• Assigned task
Copy out the entries below precisely; nothing is to be omitted.

○ ○ ○ ○

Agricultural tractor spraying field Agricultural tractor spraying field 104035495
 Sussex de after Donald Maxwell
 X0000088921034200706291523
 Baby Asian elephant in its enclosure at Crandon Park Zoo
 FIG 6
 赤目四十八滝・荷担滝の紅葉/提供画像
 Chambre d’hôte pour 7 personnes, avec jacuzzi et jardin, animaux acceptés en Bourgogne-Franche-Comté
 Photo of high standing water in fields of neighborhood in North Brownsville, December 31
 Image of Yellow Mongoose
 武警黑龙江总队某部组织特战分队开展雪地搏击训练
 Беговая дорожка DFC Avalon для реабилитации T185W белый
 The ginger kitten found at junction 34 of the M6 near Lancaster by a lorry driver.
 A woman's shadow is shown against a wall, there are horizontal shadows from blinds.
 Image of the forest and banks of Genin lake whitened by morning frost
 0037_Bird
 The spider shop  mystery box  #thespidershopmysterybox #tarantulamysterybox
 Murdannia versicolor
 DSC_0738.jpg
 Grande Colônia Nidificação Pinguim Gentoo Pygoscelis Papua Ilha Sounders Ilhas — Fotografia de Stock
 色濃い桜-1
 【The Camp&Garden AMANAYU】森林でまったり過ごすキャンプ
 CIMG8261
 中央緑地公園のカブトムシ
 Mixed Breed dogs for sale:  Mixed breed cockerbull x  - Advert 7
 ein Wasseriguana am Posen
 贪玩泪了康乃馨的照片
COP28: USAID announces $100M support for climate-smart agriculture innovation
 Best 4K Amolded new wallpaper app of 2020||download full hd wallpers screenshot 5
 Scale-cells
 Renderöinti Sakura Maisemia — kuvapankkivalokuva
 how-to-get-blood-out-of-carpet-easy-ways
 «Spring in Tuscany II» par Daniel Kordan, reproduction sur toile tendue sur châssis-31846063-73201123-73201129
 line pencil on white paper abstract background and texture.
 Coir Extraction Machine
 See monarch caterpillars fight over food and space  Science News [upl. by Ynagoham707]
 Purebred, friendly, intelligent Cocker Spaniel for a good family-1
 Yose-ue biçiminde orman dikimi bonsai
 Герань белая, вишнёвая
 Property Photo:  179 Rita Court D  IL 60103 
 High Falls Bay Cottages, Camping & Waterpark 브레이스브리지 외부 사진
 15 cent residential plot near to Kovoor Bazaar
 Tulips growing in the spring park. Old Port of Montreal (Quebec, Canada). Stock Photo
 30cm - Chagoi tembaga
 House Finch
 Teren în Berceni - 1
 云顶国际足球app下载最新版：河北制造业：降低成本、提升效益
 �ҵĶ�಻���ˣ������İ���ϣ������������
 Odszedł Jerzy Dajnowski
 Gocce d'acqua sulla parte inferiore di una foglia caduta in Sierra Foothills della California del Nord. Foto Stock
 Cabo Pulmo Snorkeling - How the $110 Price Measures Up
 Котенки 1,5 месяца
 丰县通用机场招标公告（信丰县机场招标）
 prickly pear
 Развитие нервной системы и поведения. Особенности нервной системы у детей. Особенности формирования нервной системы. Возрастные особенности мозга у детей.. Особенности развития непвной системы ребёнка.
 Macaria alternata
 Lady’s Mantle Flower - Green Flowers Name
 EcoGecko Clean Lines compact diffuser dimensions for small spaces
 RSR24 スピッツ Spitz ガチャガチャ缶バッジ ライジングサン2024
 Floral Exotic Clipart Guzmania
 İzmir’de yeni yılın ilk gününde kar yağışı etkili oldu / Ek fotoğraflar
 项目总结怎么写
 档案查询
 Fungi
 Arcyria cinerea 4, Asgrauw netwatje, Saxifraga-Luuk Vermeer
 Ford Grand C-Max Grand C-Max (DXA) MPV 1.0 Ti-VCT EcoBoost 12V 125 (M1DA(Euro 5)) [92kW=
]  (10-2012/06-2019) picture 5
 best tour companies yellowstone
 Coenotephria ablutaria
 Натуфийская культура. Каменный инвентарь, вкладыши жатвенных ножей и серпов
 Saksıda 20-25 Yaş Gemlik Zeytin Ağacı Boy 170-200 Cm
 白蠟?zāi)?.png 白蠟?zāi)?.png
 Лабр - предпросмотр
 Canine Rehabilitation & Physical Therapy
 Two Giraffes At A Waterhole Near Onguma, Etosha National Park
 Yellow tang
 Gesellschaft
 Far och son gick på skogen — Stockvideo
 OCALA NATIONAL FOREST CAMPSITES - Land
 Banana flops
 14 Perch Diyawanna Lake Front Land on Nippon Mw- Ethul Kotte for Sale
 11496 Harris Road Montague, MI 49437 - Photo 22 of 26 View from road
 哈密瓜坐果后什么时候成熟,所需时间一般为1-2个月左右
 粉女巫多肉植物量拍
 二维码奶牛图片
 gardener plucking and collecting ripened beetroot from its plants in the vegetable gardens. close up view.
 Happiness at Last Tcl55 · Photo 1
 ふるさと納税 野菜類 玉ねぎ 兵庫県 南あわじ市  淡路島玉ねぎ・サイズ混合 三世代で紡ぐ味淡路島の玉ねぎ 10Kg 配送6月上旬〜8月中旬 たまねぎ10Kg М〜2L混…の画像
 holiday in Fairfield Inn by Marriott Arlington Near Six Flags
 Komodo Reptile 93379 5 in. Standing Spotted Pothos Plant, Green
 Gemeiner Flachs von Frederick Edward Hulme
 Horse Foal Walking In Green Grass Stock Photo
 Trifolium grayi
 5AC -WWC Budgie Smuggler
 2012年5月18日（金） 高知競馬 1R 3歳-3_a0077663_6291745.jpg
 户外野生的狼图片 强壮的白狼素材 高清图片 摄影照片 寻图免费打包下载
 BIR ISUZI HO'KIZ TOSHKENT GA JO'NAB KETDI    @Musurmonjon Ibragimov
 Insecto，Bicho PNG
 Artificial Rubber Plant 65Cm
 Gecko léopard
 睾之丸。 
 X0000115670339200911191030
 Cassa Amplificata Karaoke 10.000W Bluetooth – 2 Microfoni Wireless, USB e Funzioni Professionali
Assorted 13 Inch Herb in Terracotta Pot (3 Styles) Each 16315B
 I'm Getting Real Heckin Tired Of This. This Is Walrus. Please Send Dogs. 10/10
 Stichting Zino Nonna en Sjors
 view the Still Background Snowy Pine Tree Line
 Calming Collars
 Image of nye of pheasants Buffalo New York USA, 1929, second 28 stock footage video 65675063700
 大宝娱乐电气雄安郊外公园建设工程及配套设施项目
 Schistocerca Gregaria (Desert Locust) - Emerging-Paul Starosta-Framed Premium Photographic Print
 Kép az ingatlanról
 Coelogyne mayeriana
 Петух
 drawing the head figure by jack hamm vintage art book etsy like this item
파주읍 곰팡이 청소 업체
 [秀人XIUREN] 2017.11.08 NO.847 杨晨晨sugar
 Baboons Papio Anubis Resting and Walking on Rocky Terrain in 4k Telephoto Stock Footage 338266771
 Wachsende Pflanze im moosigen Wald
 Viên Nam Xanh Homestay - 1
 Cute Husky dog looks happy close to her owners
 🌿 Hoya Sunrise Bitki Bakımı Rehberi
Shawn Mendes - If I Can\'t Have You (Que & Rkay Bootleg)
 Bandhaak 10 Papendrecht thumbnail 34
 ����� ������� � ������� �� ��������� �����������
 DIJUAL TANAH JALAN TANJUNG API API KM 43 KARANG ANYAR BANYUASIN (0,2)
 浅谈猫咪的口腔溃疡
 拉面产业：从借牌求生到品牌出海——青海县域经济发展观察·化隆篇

○ ○ ○ ○

• Solution to this problem
Agricultural tractor spraying field Agricultural tractor spraying field 104035495
 Sussex de after Donald Maxwell
 X0000088921034200706291523
 Baby Asian elephant in its enclosure at Crandon Park Zoo
 FIG 6
 赤目四十八滝・荷担滝の紅葉/提供画像
 Chambre d’hôte pour 7 personnes, avec jacuzzi et jardin, animaux acceptés en Bourgogne-Franche-Comté
 Photo of high standing water in fields of neighborhood in North Brownsville, December 31
 Image of Yellow Mongoose
 武警黑龙江总队某部组织特战分队开展雪地搏击训练
 Беговая дорожка DFC Avalon для реабилитации T185W белый
 The ginger kitten found at junction 34 of the M6 near Lancaster by a lorry driver.
 A woman's shadow is shown against a wall, there are horizontal shadows from blinds.
 Image of the forest and banks of Genin lake whitened by morning frost
 0037_Bird
 The spider shop  mystery box  #thespidershopmysterybox #tarantulamysterybox
 Murdannia versicolor
 DSC_0738.jpg
 Grande Colônia Nidificação Pinguim Gentoo Pygoscelis Papua Ilha Sounders Ilhas — Fotografia de Stock
 色濃い桜-1
 【The Camp&Garden AMANAYU】森林でまったり過ごすキャンプ
 CIMG8261
 中央緑地公園のカブトムシ
 Mixed Breed dogs for sale:  Mixed breed cockerbull x  - Advert 7
 ein Wasseriguana am Posen
 贪玩泪了康乃馨的照片
COP28: USAID announces $100M support for climate-smart agriculture innovation
 Best 4K Amolded new wallpaper app of 2020||download full hd wallpers screenshot 5
 Scale-cells
 Renderöinti Sakura Maisemia — kuvapankkivalokuva
 how-to-get-blood-out-of-carpet-easy-ways
 «Spring in Tuscany II» par Daniel Kordan, reproduction sur toile tendue sur châssis-31846063-73201123-73201129
 line pencil on white paper abstract background and texture.
 Coir Extraction Machine
 See monarch caterpillars fight over food and space  Science News [upl. by Ynagoham707]
 Purebred, friendly, intelligent Cocker Spaniel for a good family-1
 Yose-ue biçiminde orman dikimi bonsai
 Герань белая, вишнёвая
 Property Photo:  179 Rita Court D  IL 60103 
 High Falls Bay Cottages, Camping & Waterpark 브레이스브리지 외부 사진
 15 cent residential plot near to Kovoor Bazaar
 Tulips growing in the spring park. Old Port of Montreal (Quebec, Canada). Stock Photo
 30cm - Chagoi tembaga
 House Finch
 Teren în Berceni - 1
 云顶国际足球app下载最新版：河北制造业：降低成本、提升效益
 �ҵĶ�಻���ˣ������İ���ϣ������������
 Odszedł Jerzy Dajnowski
 Gocce d'acqua sulla parte inferiore di una foglia caduta in Sierra Foothills della California del Nord. Foto Stock
 Cabo Pulmo Snorkeling - How the $110 Price Measures Up
 Котенки 1,5 месяца
 丰县通用机场招标公告（信丰县机场招标）
 prickly pear
 Развитие нервной системы и поведения. Особенности нервной системы у детей. Особенности формирования нервной системы. Возрастные особенности мозга у детей.. Особенности развития непвной системы ребёнка.
 Macaria alternata
 Lady’s Mantle Flower - Green Flowers Name
 EcoGecko Clean Lines compact diffuser dimensions for small spaces
 RSR24 スピッツ Spitz ガチャガチャ缶バッジ ライジングサン2024
 Floral Exotic Clipart Guzmania
 İzmir’de yeni yılın ilk gününde kar yağışı etkili oldu / Ek fotoğraflar
 项目总结怎么写
 档案查询
 Fungi
 Arcyria cinerea 4, Asgrauw netwatje, Saxifraga-Luuk Vermeer
 Ford Grand C-Max Grand C-Max (DXA) MPV 1.0 Ti-VCT EcoBoost 12V 125 (M1DA(Euro 5)) [92kW=
]  (10-2012/06-2019) picture 5
 best tour companies yellowstone
 Coenotephria ablutaria
 Натуфийская культура. Каменный инвентарь, вкладыши жатвенных ножей и серпов
 Saksıda 20-25 Yaş Gemlik Zeytin Ağacı Boy 170-200 Cm
 白蠟?zāi)?.png 白蠟?zāi)?.png
 Лабр - предпросмотр
 Canine Rehabilitation & Physical Therapy
 Two Giraffes At A Waterhole Near Onguma, Etosha National Park
 Yellow tang
 Gesellschaft
 Far och son gick på skogen — Stockvideo
 OCALA NATIONAL FOREST CAMPSITES - Land
 Banana flops
 14 Perch Diyawanna Lake Front Land on Nippon Mw- Ethul Kotte for Sale
 11496 Harris Road Montague, MI 49437 - Photo 22 of 26 View from road
 哈密瓜坐果后什么时候成熟,所需时间一般为1-2个月左右
 粉女巫多肉植物量拍
 二维码奶牛图片
 gardener plucking and collecting ripened beetroot from its plants in the vegetable gardens. close up view.
 Happiness at Last Tcl55 · Photo 1
 ふるさと納税 野菜類 玉ねぎ 兵庫県 南あわじ市  淡路島玉ねぎ・サイズ混合 三世代で紡ぐ味淡路島の玉ねぎ 10Kg 配送6月上旬〜8月中旬 たまねぎ10Kg М〜2L混…の画像
 holiday in Fairfield Inn by Marriott Arlington Near Six Flags
 Komodo Reptile 93379 5 in. Standing Spotted Pothos Plant, Green
 Gemeiner Flachs von Frederick Edward Hulme
 Horse Foal Walking In Green Grass Stock Photo
 Trifolium grayi
 5AC -WWC Budgie Smuggler
 2012年5月18日（金） 高知競馬 1R 3歳-3_a0077663_6291745.jpg
 户外野生的狼图片 强壮的白狼素材 高清图片 摄影照片 寻图免费打包下载
 BIR ISUZI HO'KIZ TOSHKENT GA JO'NAB KETDI    @Musurmonjon Ibragimov
 Insecto，Bicho PNG
 Artificial Rubber Plant 65Cm
 Gecko léopard
 睾之丸。 
 X0000115670339200911191030
 Cassa Amplificata Karaoke 10.000W Bluetooth – 2 Microfoni Wireless, USB e Funzioni Professionali
Assorted 13 Inch Herb in Terracotta Pot (3 Styles) Each 16315B
 I'm Getting Real Heckin Tired Of This. This Is Walrus. Please Send Dogs. 10/10
 Stichting Zino Nonna en Sjors
 view the Still Background Snowy Pine Tree Line
 Calming Collars
 Image of nye of pheasants Buffalo New York USA, 1929, second 28 stock footage video 65675063700
 大宝娱乐电气雄安郊外公园建设工程及配套设施项目
 Schistocerca Gregaria (Desert Locust) - Emerging-Paul Starosta-Framed Premium Photographic Print
 Kép az ingatlanról
 Coelogyne mayeriana
 Петух
 drawing the head figure by jack hamm vintage art book etsy like this item
파주읍 곰팡이 청소 업체
 [秀人XIUREN] 2017.11.08 NO.847 杨晨晨sugar
 Baboons Papio Anubis Resting and Walking on Rocky Terrain in 4k Telephoto Stock Footage 338266771
 Wachsende Pflanze im moosigen Wald
 Viên Nam Xanh Homestay - 1
 Cute Husky dog looks happy close to her owners
 🌿 Hoya Sunrise Bitki Bakımı Rehberi
Shawn Mendes - If I Can\'t Have You (Que & Rkay Bootleg)
 Bandhaak 10 Papendrecht thumbnail 34
 ����� ������� � ������� �� ��������� �����������
 DIJUAL TANAH JALAN TANJUNG API API KM 43 KARANG ANYAR BANYUASIN (0,2)
 浅谈猫咪的口腔溃疡
 拉面产业：从借牌求生到品牌出海——青海县域经济发展观察·化隆篇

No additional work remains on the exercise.